Apart from that, Clarisse bases her argument in Art Smalley’s problem classification:
- Troubleshooting (it stands for the problems that need immediate fixing);
- Gap-from-standard (this is a deeper kind of problem that directly impacts the company’s indicators and results, so they need a root cause analysis);
- Target-state (it’s the kind of problem that encourages improvements);
- Open-ended and Innovation (this problem inspires disruptive improvements).

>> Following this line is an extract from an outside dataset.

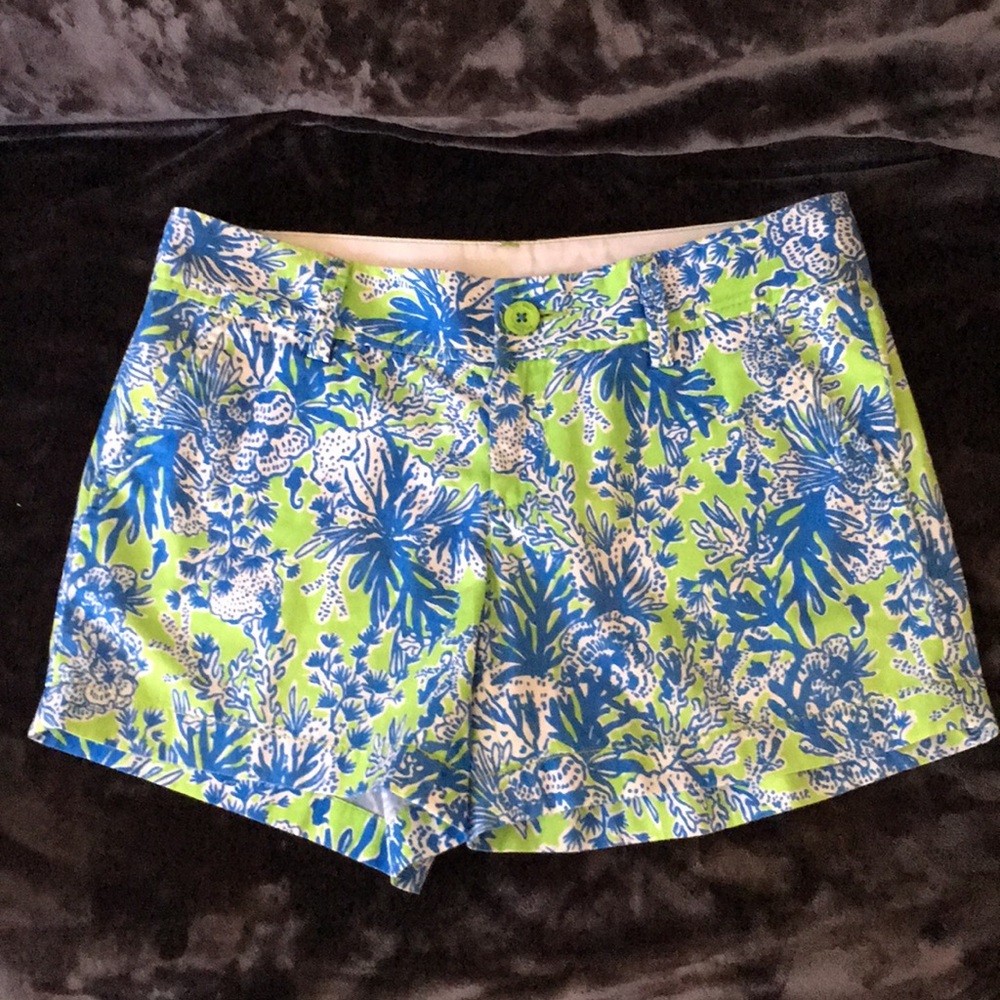 Lilly Pulitzer Callahan Shorts Size 4 Seahorses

In Clarisse’s eyes, you’ll only be able to solve all these problems when connecting Lean practices to creativity and innovation. In her words, “the companies that are able to innovate already have a solid basis. They’ve built a fertile soil of continuous improvements so the disruptive ideas can flourish as well.” I find it really interesting that she always emphasizes the idea that the capacity of innovating must be in every phase of a process, regardless of whether it’s supposed to be disruptive or not.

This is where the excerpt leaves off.